So with the all-star teams to be announced on Sunday, and with Dmitri Young as the Nationals' clear choice, I got to thinking about the Nationals' own all-star team. No, not some group of former Nats that might make good all-stars (aside from Soriano, are there any?).

Rather, this would be the guys who, over the first half of the season, have killed the Nationals. As Washington develops as a baseball town - and you guys are obviously ahead of the curve, and you can help me out here - we'll be able to identify "Nationals Killers", guys who might be average against everyone else but seem to just throttle your home-town boys. You become infatuated with them. I remember when Joe Carter was with Cleveland, it felt like he hit two homers every game against the Red Sox (when I had a rooting interest in that outfit). I think a few guys on this list qualify already (I'll let y'all pick). Usually would be in the same division, etc., so you're real, real familiar with (read: sick of) them.

Much like selecting the actual all-star teams, this isn't a scientific survey, and it's actually probably weighted in favor of guys who played the Nats for just three games and were particularly hot then (see: Ordonez, Magglio), but I'll take into consideration their overall seasons (where it's convenient for me) as well as their lifetime performance against Washington (where it's convenient for me).

A position-by-position breakdown:

C - Brian McCann, Atlanta (12 games, .308 average, 3 HR, 10 RBI, 1.149 OPS)
Don't you get the feeling you're going to be seeing this guy in your nightmares for, say, the next decade. He clubbed two homers in the three-game series that just ended, drove in all four runs the Braves got in the first game, broke up Bergmann's no-hitter with a solo homer in the eighth at RFK. Feels like a life-time Nationals killer.

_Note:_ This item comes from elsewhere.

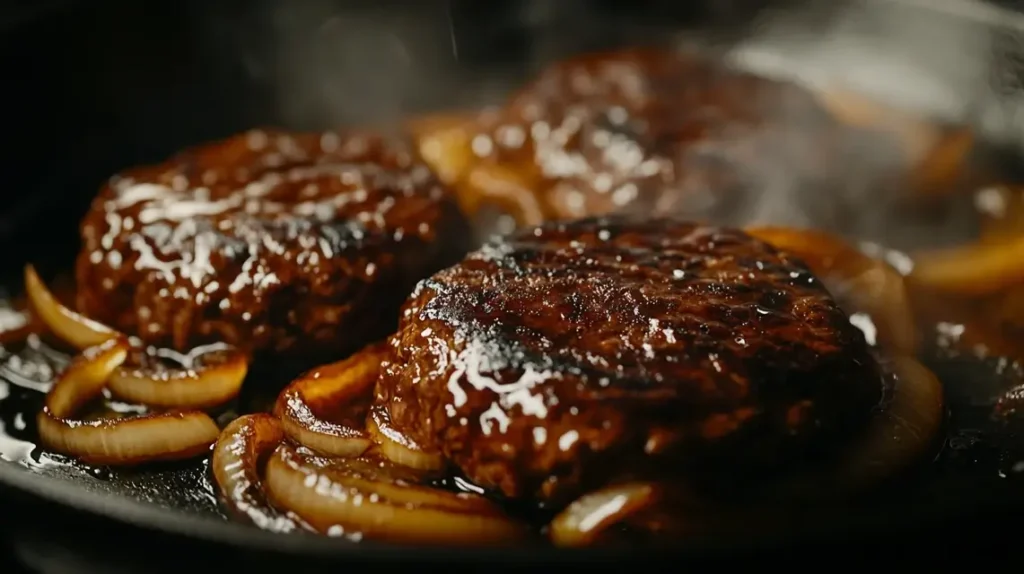 a group of burgers cooking on a pan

1B - Albert Pujols, St. Louis (3 games, .667 average, 1 HR, 1 RBI)
Certainly not Pujols type run-production numbers, and he's hurt by just playing three games against Washington. But he went 8 for 12 with a double, a homer and a walk in those three games, proving that it's the same for the Nationals as it is for the rest of the league - he's tough to retire.

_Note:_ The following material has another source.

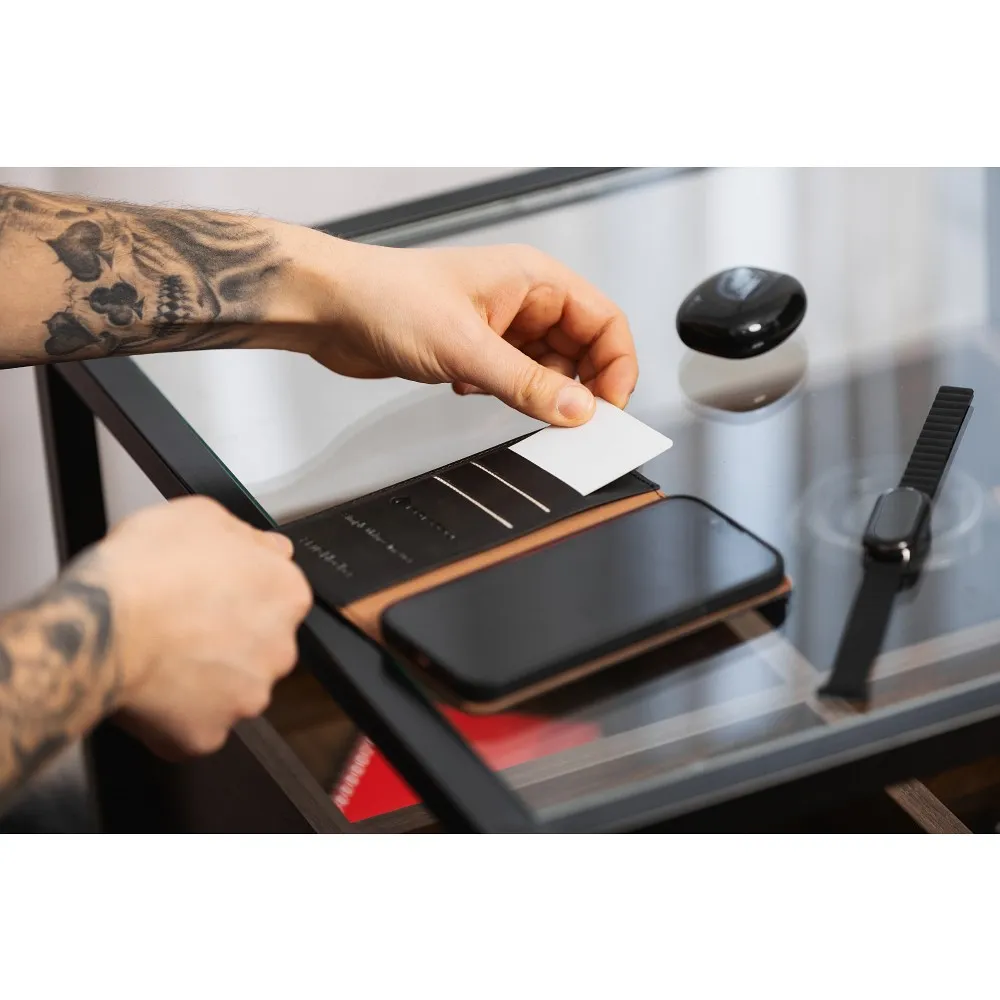 FORCELL F-PROTECT RFID Blocker book case for IPHONE 15 black - Image 9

2B - Dan Uggla, Florida (9 games, .293 average, 3 HR, 9 RBI, .659 slugging)
Like McCann, this guy could throttle the Nats - and the league - for years. He hit a monstrous upper deck homer in the opening series of the year. He has more doubles against the Nationals (6) than any other player this year. Nine of his 12 hits against Washington are for extra bases.

3B - Miguel Cabrera, Florida (7 games, .345 average, 3 HR, 7 RBI, .531 OBP, .826 slugging)
This was probably the toughest category, but there can only be one starter. Chipper Jones just drove in four runs on Wednesday, and he has three homers and nine RBI against the Nats in nine games. But Cabrera gets the nod because he was simply scary in that three-game set to open the season. Plus, nine walks. Nats faced him 31 times, he got on base 16 times. Yikes.

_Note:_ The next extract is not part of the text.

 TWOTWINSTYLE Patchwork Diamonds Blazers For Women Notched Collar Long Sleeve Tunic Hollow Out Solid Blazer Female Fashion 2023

SS - Hanley Ramirez, Florida (9 games, .395/.465/.684, 13 runs scored)
Edgar Renteria of the Braves (more runs (14) and hits (17) than any player against the Nationals) makes a good run here. But I like Ramirez as a player, he's got a longer career ahead of him in which he's likely to torment Washington, and I figure he could be the starting shortstop on the All-Stars-Against-the-Nationals for years to come. Thirteen hits in nine games. Detroit's Carlos Guillen - three games, two homers, seven RBI, 1.083 slugging - makes a run, too.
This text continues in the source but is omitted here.